De simples internautes, mais aussi des décideurs sont ainsi de plus en plus nombreux à se laisser abuser, de bonne foi ou non. (Photo: 123RF)
La révolution de l'intelligence artificielle (IA) dite générative est employée par des centaines de sites internet pour créer des articles sans intervention humaine, et avec parfois la volonté de véhiculer de fausses informations, s'alarment des chercheurs.
De simples internautes, mais aussi des décideurs sont ainsi de plus en plus nombreux à se laisser abuser, de bonne foi ou non.
En décembre, le président ukrainien Volodymyr Zelenzky a ainsi été interpellé au Congrès américain par des élus républicains au sujet d'un achat supposé de deux yachts pour 75 millions de dollars américains (M$US), en plein débat sur l'aide à l'Ukraine.
Une information fantaisiste générée le mois précédent par le site DC Weekly, propriété d'un ancien marine américain désormais installé en Russie, qui selon la plateforme de lutte contre la désinformation NewsGuard utilise de l'IA.
«La désinformation générée par l'IA va probablement être un élément important de la campagne électorale américaine cette année», avertit Greg Marcus, professeur à l'université NYU.
NewsGuard, qui évalue la fiabilité de contenus d'information postés sur internet, a identifié 739 sites «qui fonctionnent sans ou avec très peu de supervision humaine et publient des articles largement ou entièrement écrits par des "bots"», selon un rapport publié le mois dernier.
Ces «bots» sont des programmes capables de générer du contenu sur demande en langage courant, en s'appuyant sur des éléments collectés dans une base de données ou directement sur internet.
«Psychiatre» recyclé
Certaines plateformes telles que NewsGPT ou DeepNewz présentent ouvertement leurs articles comme rédigés par une interface d'IA. Mais ce n'est pas toujours le cas, relève NewsGuard, qui met en garde contre cette prolifération de sites «obscurs».

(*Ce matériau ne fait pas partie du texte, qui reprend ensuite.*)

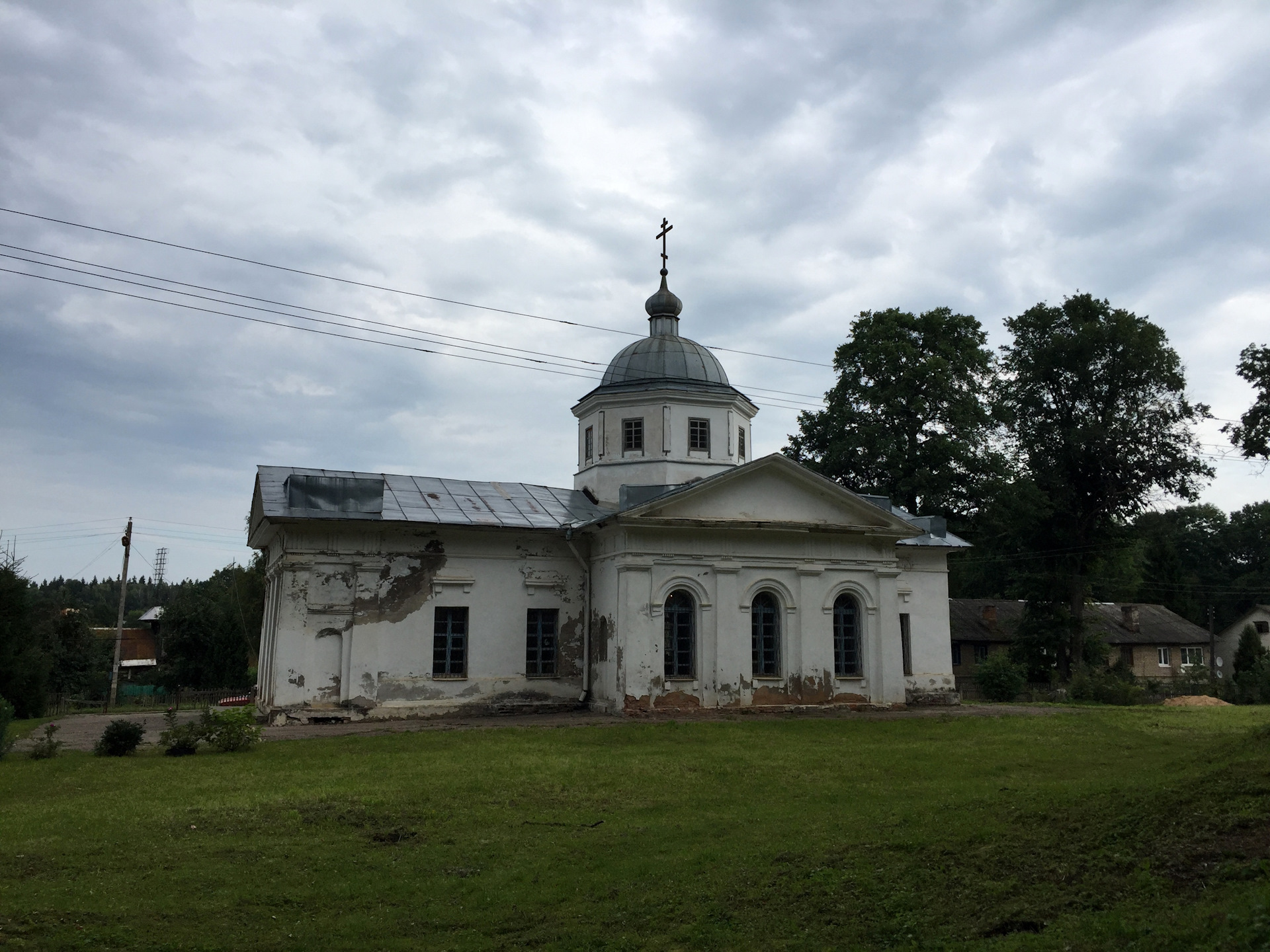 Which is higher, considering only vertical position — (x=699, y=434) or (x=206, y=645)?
(x=699, y=434)

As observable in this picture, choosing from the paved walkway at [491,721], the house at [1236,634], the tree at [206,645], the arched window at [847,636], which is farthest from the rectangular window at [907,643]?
the house at [1236,634]

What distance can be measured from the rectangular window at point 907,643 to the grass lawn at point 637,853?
10449mm

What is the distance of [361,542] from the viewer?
2048cm

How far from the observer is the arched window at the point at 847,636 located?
22.5 metres

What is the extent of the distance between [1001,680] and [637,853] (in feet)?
88.6

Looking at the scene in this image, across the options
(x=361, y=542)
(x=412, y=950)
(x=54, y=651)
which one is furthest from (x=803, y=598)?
(x=54, y=651)

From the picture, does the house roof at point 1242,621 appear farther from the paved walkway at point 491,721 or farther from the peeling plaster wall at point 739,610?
the peeling plaster wall at point 739,610

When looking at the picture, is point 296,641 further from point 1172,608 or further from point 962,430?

Ils «ne sont pas fiables» car «ils fonctionnent avec peu ou pas de supervision humaine», souligne cet observatoire des médias.
Parmi les centaines d'articles générés grâce à l'intelligence artificielle, certains «comprennent des affirmations erronées, notamment concernant des dirigeants politiques», relève le rapport de NewsGuard.
On y retrouve aussi de faux avis de décès de célébrités, des nouvelles inventées ou d'anciens événements présentés comme s'ils venaient juste de se produire.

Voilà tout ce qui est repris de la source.